An internship allows students to gain a unique depth of knowledge beyond the lecture hall. “When all you get is theoretical concepts in the classroom, my co-ops were very helpful to give me an idea of what really happens in the world beyond the textbook,” said Bradley Burrows, one of our senior developers. Help a student close the gap with real-world experience in an internship and at the same time develop future grads to be ready to hit the ground running when they enter the workforce.
You may uncover hidden talent and find potential future employees
Supporting interns is a year-round recruiting tool that creates an ongoing pipeline of future full-time employees. According to the NACE, interns who transition into full-time employees are far more likely to stick with a company than those hired traditionally. Edson Mesquita, one of our developers can attest to this after spending over five years at a past employer in Brazil following graduation. “They wanted to teach me because they knew that in the future, I could be on their teams. Therefore, I should be trained well,” he said.
You’ll build your employer brand
Hiring an intern helps spread the word about your company–whether you mean to or not. If you’re a great mentor and offer a great experience, chances are your interns will talk about it with their friends and family. It's essentially advertising for your organization for free!
On the other hand, it’s not always personal. Internships provide an opportunity to explore what kind of work and environment is a good fit for your intern. “Co-op helped me determine what I love to do,” said Diana Valdes, Product Manager and Software QA Engineer here at BitBakery. “I was able to explore and even take initiatives outside my given roles, helping me realize what kind of work I wanted to do, and in what kind of environment.”
Just like with any new role, don’t rush into hiring an intern for the wrong reasons. Don’t hire an intern if:
You want “cheap labour”
It’s true that interns are typically less expensive to hire than a full-time employee, and this can be a great benefit. “Hire an intern, they’ll be crazy and will do everything for you!” said Rusu, one of our developers.
Be careful though, your resources can just as easily be wasted if you don’t do any planning, which could hurt your company in the long run.
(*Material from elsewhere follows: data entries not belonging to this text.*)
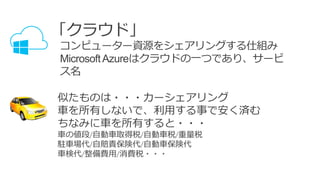 似たものは・・・カーシェアリング
車を所有しないで、利用する事で安く済む
ちなみに車を所有すると・・・
車の値段/自動車取得税/自動車税/重量税
駐車場代/自賠責保険代/自動車保険代
車検代/整備費用/消費税・・・
「クラウド」
コンピューター資源をシェアリングする仕組み
MicrosoftAzureはクラウドの一つであり、サービ
ス名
Just as easy as you can build a great employer brand with a good internship program, you can lose it with a bad one.
Interns need your attention too
Don’t bring on interns if you can’t be a good supervisor. “At first it seems like teaching someone will demand too much from your team. It might even seem like it’s taking away from your productivity, said Mesquita. “However, if you do it right, it will pay back dozens of times over.” Unless you can spread your time to prioritize training and mentorship, it won’t be a beneficial experience for either party.
You don't have any clear goals in mind for your intern
Before you hire an intern, make sure you consider what goals you’d like them to reach by the end of their period–even if it’s difficult. “If you’re not prepared to give your intern both the independence to grow, and meaningful guidance to make sure they’re not going off the rails, you shouldn’t hire an intern.” said Pablo Morales, another one of our developers here at BitBakery.
Finally, it’s important to make sure your expectations are in line before hiring an intern. “When hiring, remember that It’s not all about grades and experience, it’s about enthusiasm. That’ll go much further than hiring someone just based on paper,” said Valdes.
Go For It
So, if you’ve got the need, the time, and the resources, “go for it!” said Ryan Sweny, our Director of Application and Development. In terms of both today's workload and tomorrow's workforce, starting an internship program is an excellent way to facilitate success at your company.